ハリケーンディスコの芝居がこのところ、おどろおどろしさが弱まって、ドラマが見えやすくなってきた。それでもまだその表現は一見すねたように見えるが、実は十分に計算されていて、そこには繊細に表現された鮮烈な思いがあふれ出ている。
人間の感覚の幅は広いが、その広い感覚に対応するためには、表現の幅も広がらねばなるまい。この作品では、内容にあわせたうまい表現がいい。
恋人のいる娘がだまされて、どうしようもない男にもてあそばれる、という状況は、救い難さから来るやるせなさに加え、サディスティックな性的感情もあおられて、異様な気持ちにさせられる。やるせないのは、人間存在と切り離せない性が貶められるレイプが、人格そのものまで踏みにじる行為だからだ。
そのレイプシーンを、手抜きをせず照れもせずにきっちりと描ききることで、辱められた者の絶望をかいま見せる。先ごろ見たヴィンセント・ギャロの映画「ブラウン・バニー」のレイプシーンに匹敵するようなインパクトがあった。
戯曲の構成も演出も、非常におもしろい。その特徴は、うまくタガをはずしていること。その一見ラフと見える作りから、幅と奥行きが出てきていて魅力的だ。開幕早々にテレビインタビューを受けているホームレスが、ラスト近くにテレビ出演をするべきか悩んでいるという連環をさりげなく入れるなどの、作品の深みを増すやりかたも効果的だ。
恋人ふたりが福岡から東京に出て、女が好奇心で参加したマルチ商法の団体の集会で、その俗悪などうしようもない主宰者に犯される。
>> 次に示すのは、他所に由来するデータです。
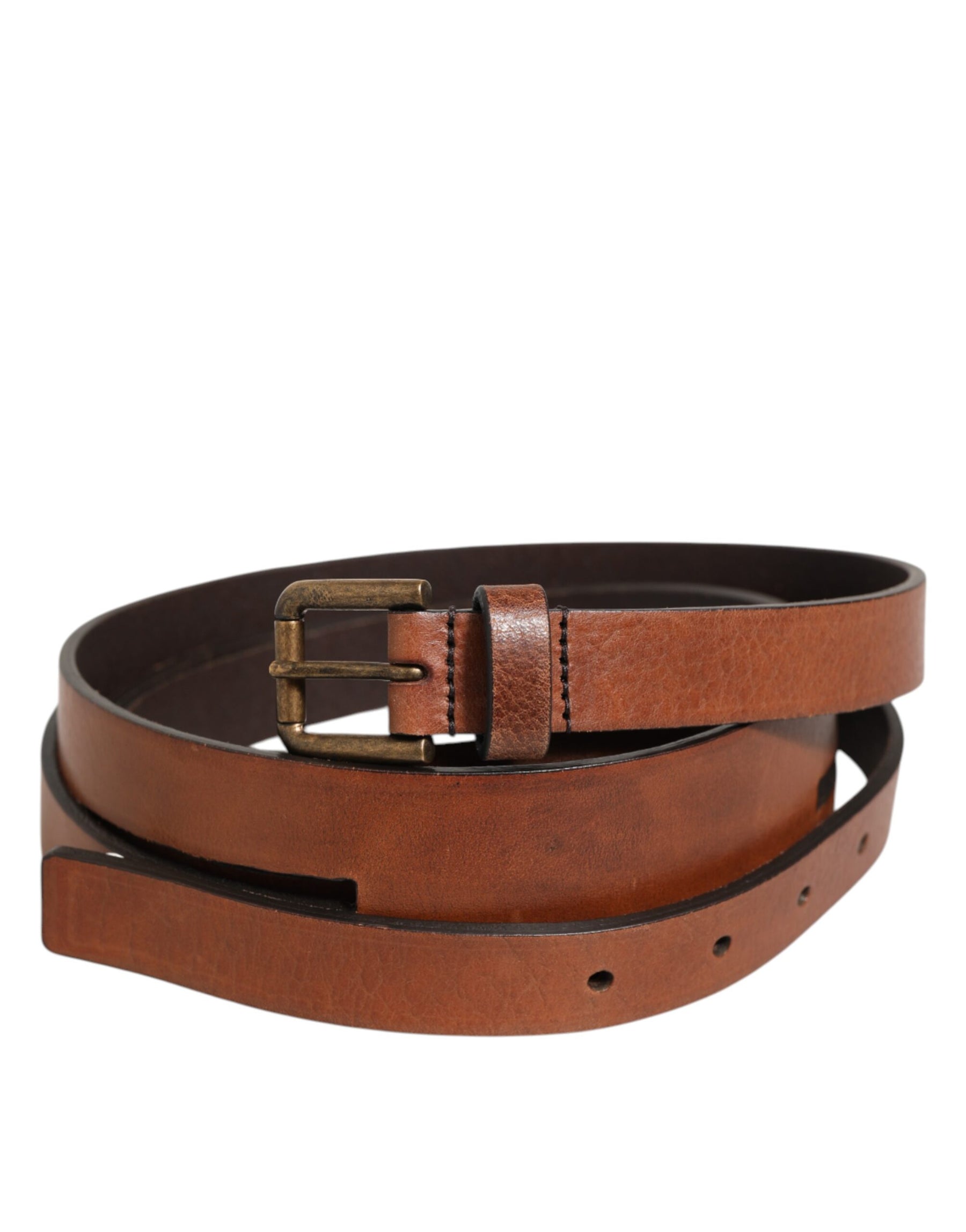 Dolce & Gabbana Brown Double Strap Leather Gold Buckle Belt | Regal Royce
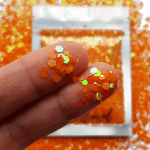Oranje hologram hexagon glitter – 1-3 mm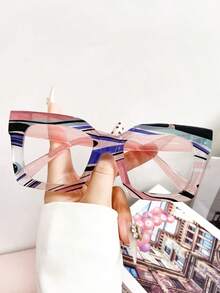 Nuevas gafas de montura grande con estampado floral colorido vintage de TR, sin receta, gafas decorativas sin receta de moda y estilo para amantes del streetwear, fotografía al aire libre y pasarela - Multicolor - Ver 3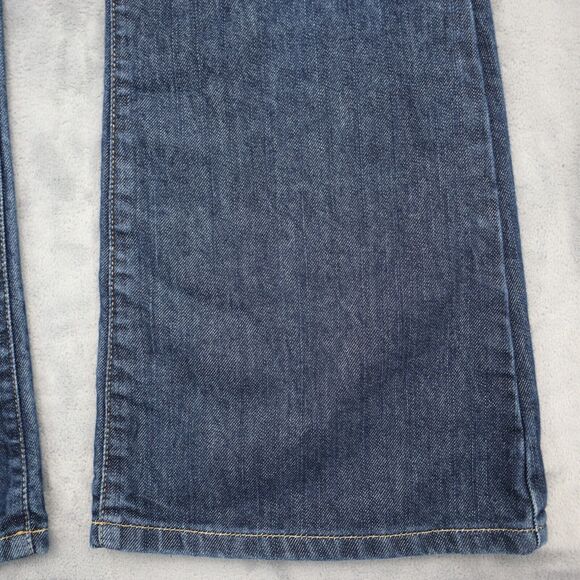 Calvin Klein Pants Womens 11 Blue Flare Low Rise Button Dark Wash Denim Jeans - Picture 14 of 16
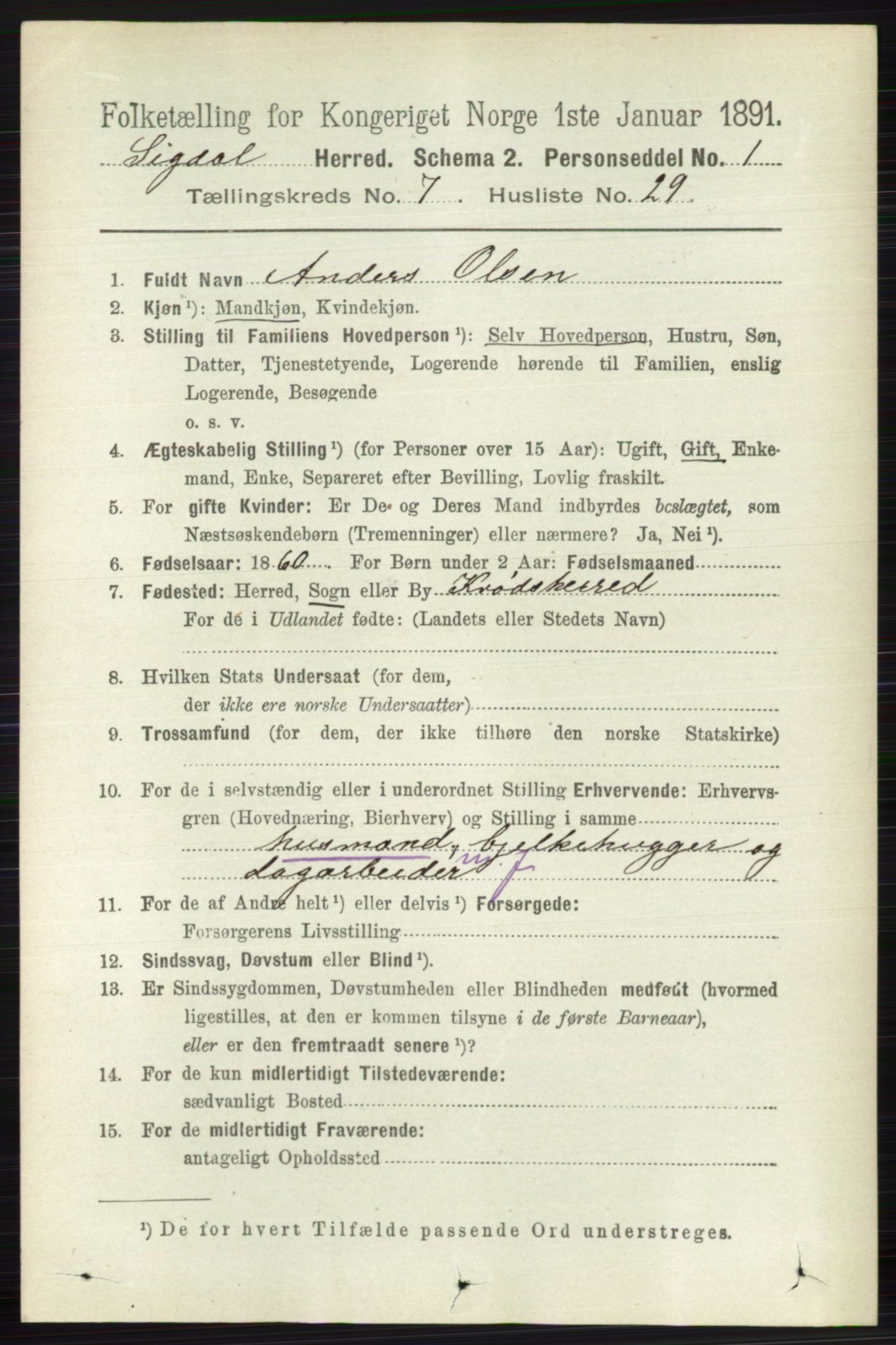 RA, 1891 census for 0621 Sigdal, 1891, p. 2876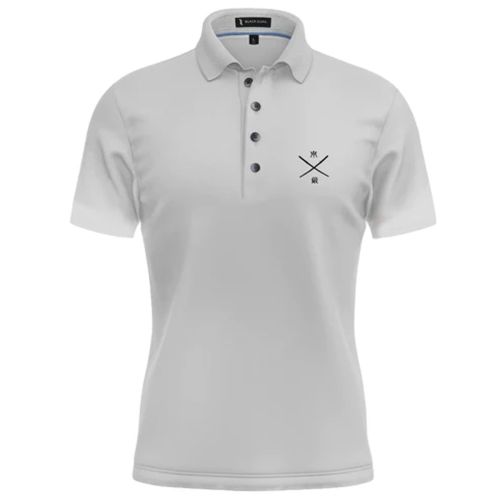 Miura Men's Black Ouail Wharton Samurai Logo Golf Polo - White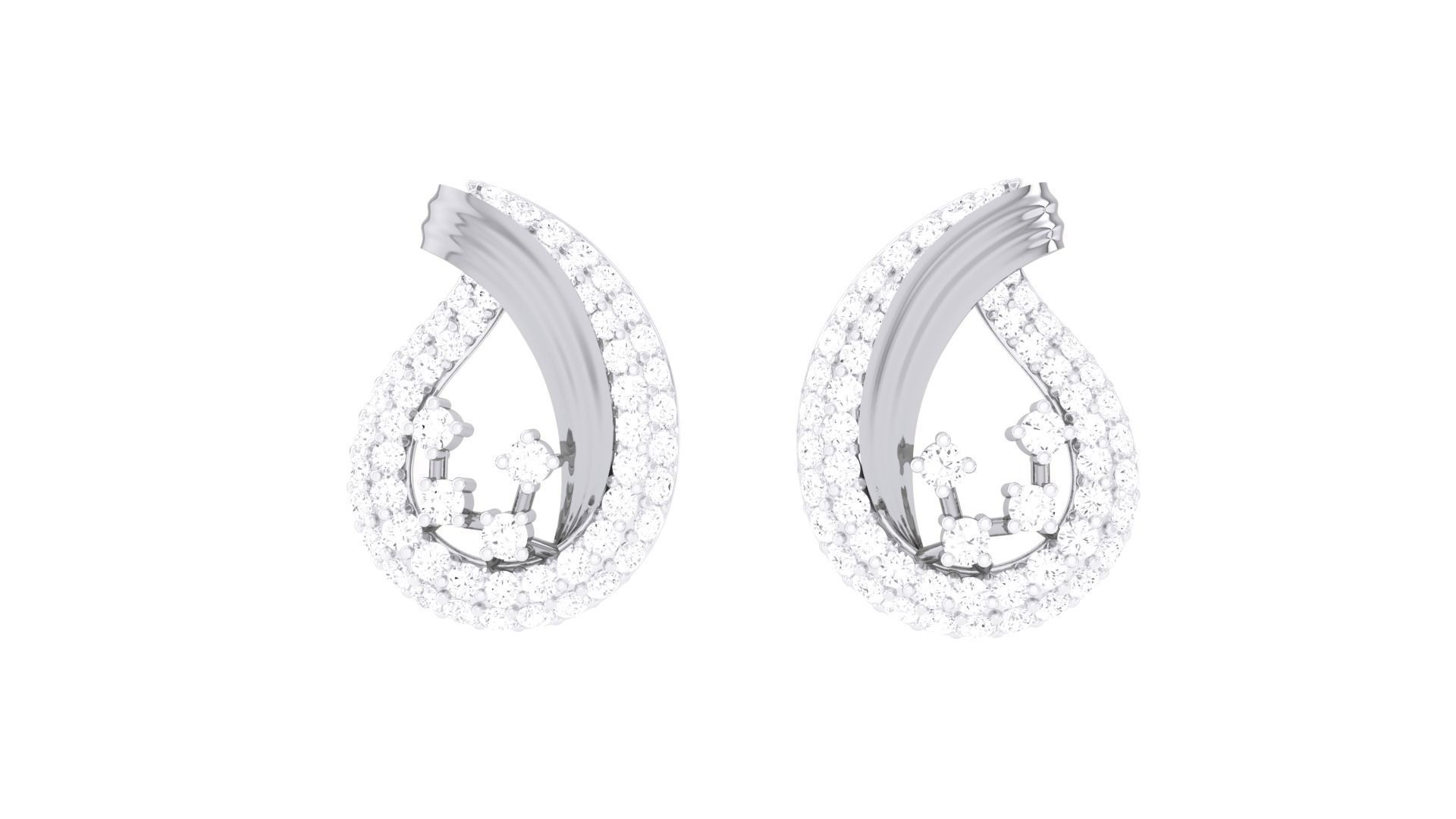 Women Diamond Studs Earrings obj stl 3dmf renders details 3D print model_6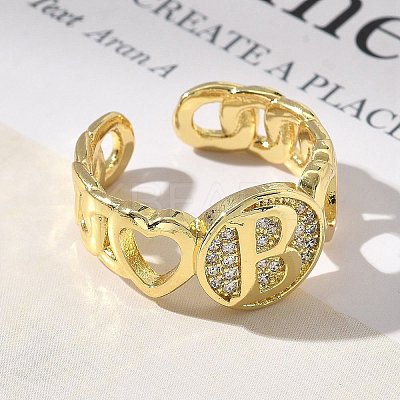 Brass Micro Pave Clear Cubic Zirconia Open Cuff Rings for Women RJEW-K289-02G-B-1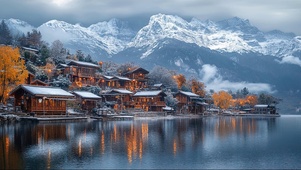 洱海湖岸的古朴村庄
福岡から東京へというエピソードを重ね、ロードムービーの雰囲気もある。
戯曲はそのふたりをていねいに追っかけながら、そのまわりに、奇矯ではあるが魅力的な人物を配する。それらの人物は、キャラクタとして重なり合う部分を残しながら、別の人物として登場するという独特の手法なのを、さらに同じ俳優が演じることで人物を多層的に表現する。
一見ラフと見える作りだが、俳優の演技は実にていねいだ。
かまってほしい女(中原智香)が、小説を書くことに夢中な男(高木優一郎)を見る眼――さびしさをたたえたその眼にドキッとしてしまう。そんなていねいな演技だ。
極めつけは、レイプシーン。意識はあっても、抵抗できない状態におかれてレイプされる女の、あきらめと悔恨の表情の何というリアルさだろう。
怪優・木山浩平は、前半の労務者役では抑えた演技がなかなか新鮮で、後半のマルチ商法の団体幹部役での木山らしいどぎつさとの対照もおもしろかった。
この舞台は3日間5ステージ。初日を観た。40人くらいの観客だった。
ハリケーンディスコは、この舞台を最後に東京進出とか。才能ある演劇人が東京に流れるのは残念だが、健闘を期待したい。